TASK DETAILS. Omit the images and output every line of the data below exactly.

SOURCE MATERIAL.
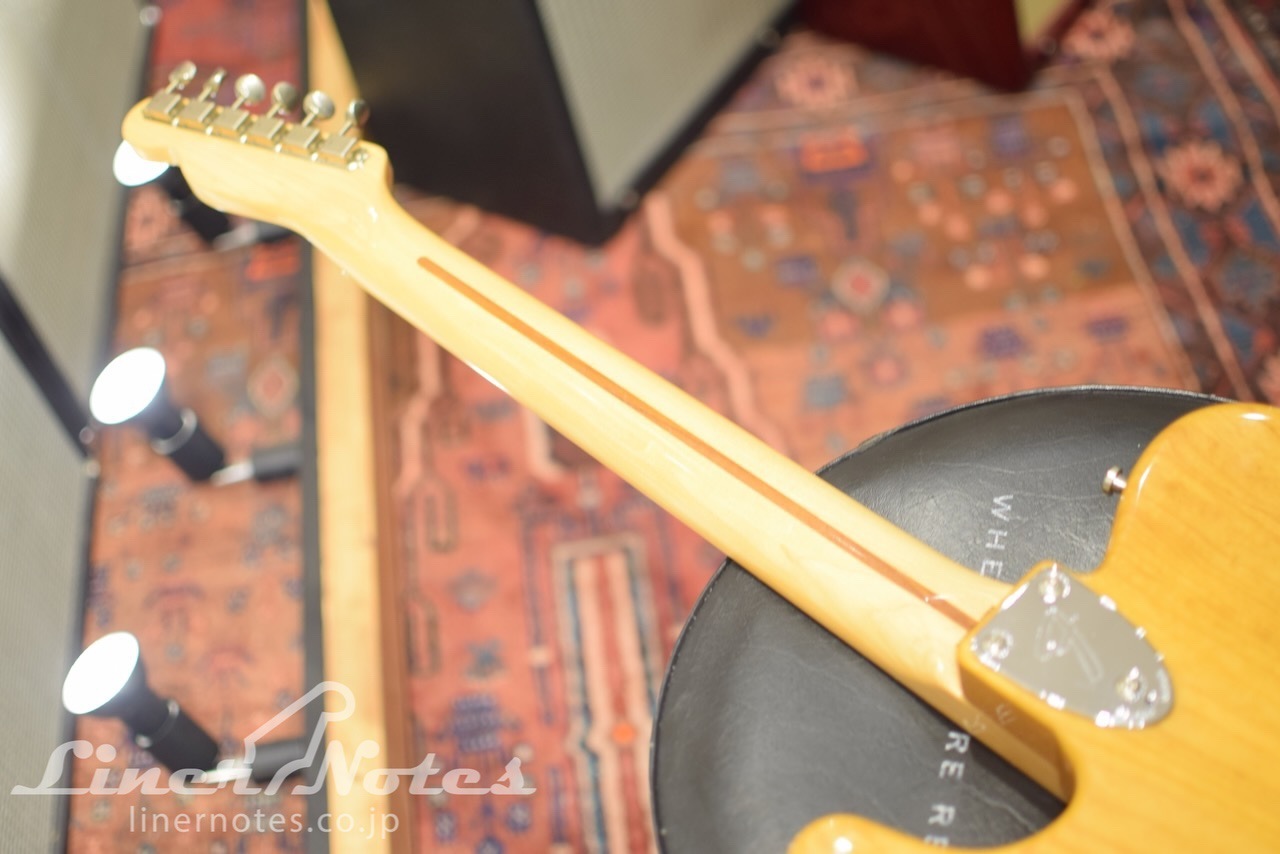 Fender Japan 2007-2010 TN72-BIGS Telecaster Thinline w/Bigsby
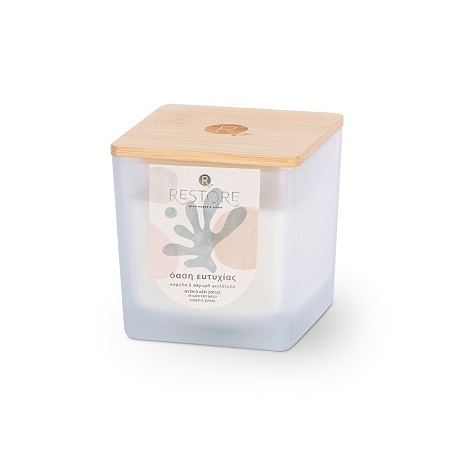 HEART & HOME ΚΕΡΙ ΜΕΓΑΛΟ RESTORE WELLNESS ΟΑΣΗ ΕΥΤΥΧΙΑΣ 210G - R01200708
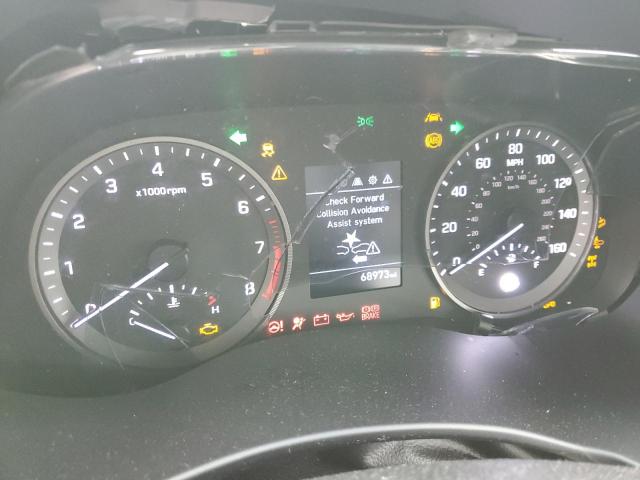 Photo 9 from auction – 2019 HYUNDAI TUCSON SE with VIN KM8J2CA45KU045573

RESPONSE AREA.
 Fender Japan 2007-2010 TN72-BIGS Telecaster Thinline w/Bigsby
 HEART & HOME ΚΕΡΙ ΜΕΓΑΛΟ RESTORE WELLNESS ΟΑΣΗ ΕΥΤΥΧΙΑΣ 210G - R01200708
 Photo 9 from auction – 2019 HYUNDAI TUCSON SE with VIN KM8J2CA45KU045573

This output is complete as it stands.